A NEW legal battle could be set to develop over a 10.85-acre piece of land on the Lower Point Road.
Last month the land, located next to the Sewerage Treatment Plant, was the subject of a High Court action with Mr Justice Hedigan deciding that McCaughey Developments Ltd – who bought the land from Dundalk Port Company in 2006 for e1.7 million – had been deprived of fair procedures when Dundalk Town Council voted to change the zoning from residential to recreation, amenity and open space.
The land had been bought by McCaughey Developments Ltd as residential but Mr Justice Hedigan found an injustice had been done to the company arising from the circumstances that led to the change of zoning on November 17 2009.
When a High Court judgement was made last month that the matter should be reconsidered, Dundalk Town Council opted not to contest the decision.
However, last week the Louth Environmental Group (LEG) lodged an appeal to the Supreme Court seeking to reinstate the council’s original decision to zone the land, which includes the old Quay Celtic soccer pitch, as an open space recreational amenity area.
Their appeal comes as McCaughey Developments have submitted a planning application to build 44 houses on the site with the LEG claiming that the council will be liable to make a e4.4 million payout in planning compensation unless they grant it.
They feel the land is unsuitable for residential use, however, and spokesperson Mark Fitzsimons, their acting secretary, said they will fight the matter all the way.
He said: “This is land which the councillors have confirmed by a vote of 11 to 0, with one abstention, they would prefer to see used as an open space recreational amenity area.
“The land is a wonderful natural habitat which greatly enhances the ambience of the Navvy Bank estuary walk. The old Quay Celtic soccer pitch is located there and is in constant use by children and youths.

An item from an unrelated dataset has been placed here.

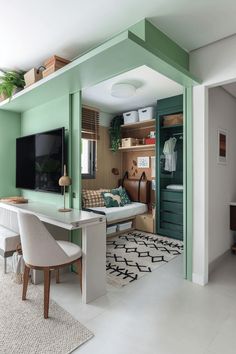 a living room with green walls and white carpeted flooring in the middle of it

The land also provides an important flood water runoff attenuation catchment for the adjoining Point Road residential area.

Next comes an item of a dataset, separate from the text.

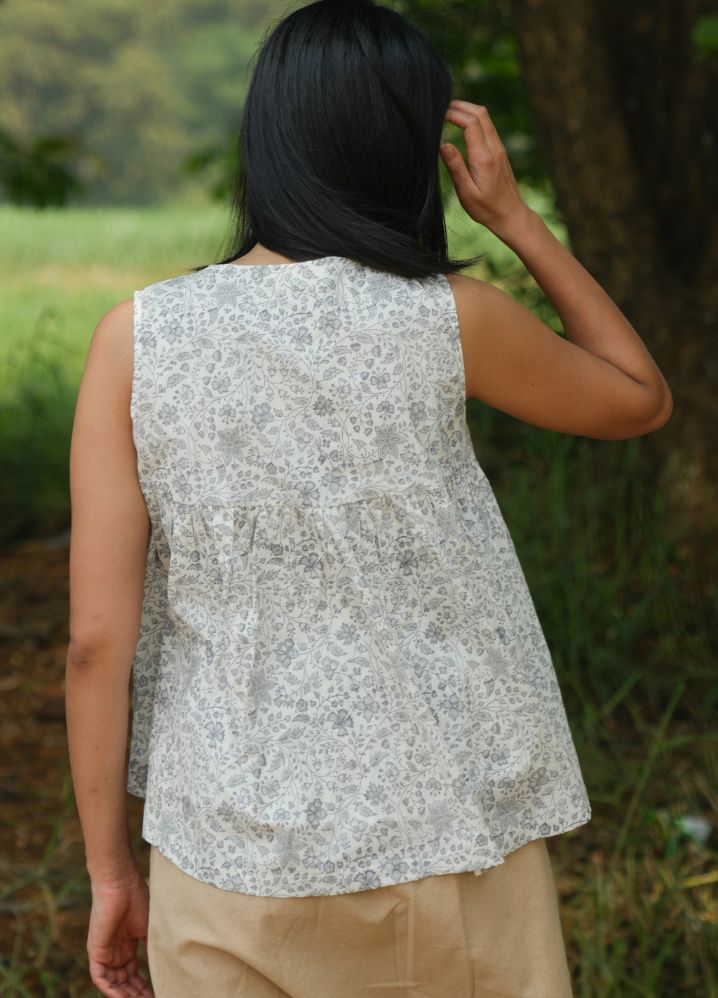 A Model Wearing Block Printed White Pure Cotton Summer Rain Grey Floral Top, curated by Only Ethikal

“Although the High Court has quashed the decision of the council to zone the land for recreational amenity and open space use, an appeal which has been lodged by the Louth Environmental Group to the Supreme Court, seeks to reinstate the council’s zoning decision, but if this appeal fails, the Council will be obliged to either permit 44 houses to be built on the land or pay out around e4.4 million of planning compensation.”
Last month’s High Court case heard that Martin McCaughey, the managing director of McCaugheys, noticed in July 2009 that the zoning was no longer residential.

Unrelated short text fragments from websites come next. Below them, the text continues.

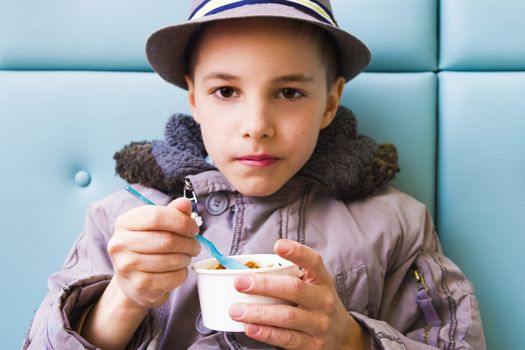 Cute teenage boy eating ice cream with chocolate topping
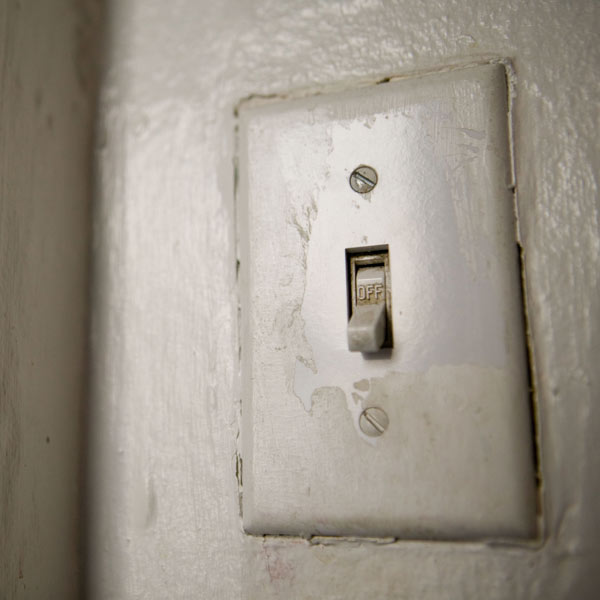 outlet cover with painted-over screws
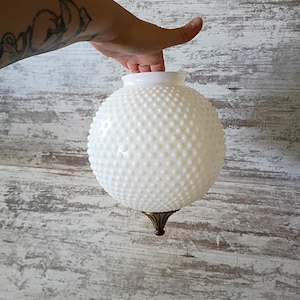 May include: A white, round, hobnail glass light fixture with a brass-colored base. The fixture is held up by a hand against a white and gray wooden background. The glass has a textured surface.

The High Court was told that officials immediately agreed a mistake had been made but told him a submission would have to be made to restore the residential zoning.
He made two submissions to the local authorities in September 2008 which he thought had dealt with the matter but another vote was required and when the revised draft plan came before councillors in November 2009 they voted to change the zoning to recreation, amentity and open space.
It was not until March 2010 that Mr McCaughey became aware of this and instituted High Court proceedings.
Mr Justice Hedigan said McCaugheys had been deprived of a crucial opportunity to make a case to restore the residential zoning.
The unfairness of this concerned the court particularly where McCaugheys had bought a strip of land for e155,000 from the council to facilitate access to the 10 acres and had also built an all-weather pitch for a local football club affected by the land sale at a cost of e350,000.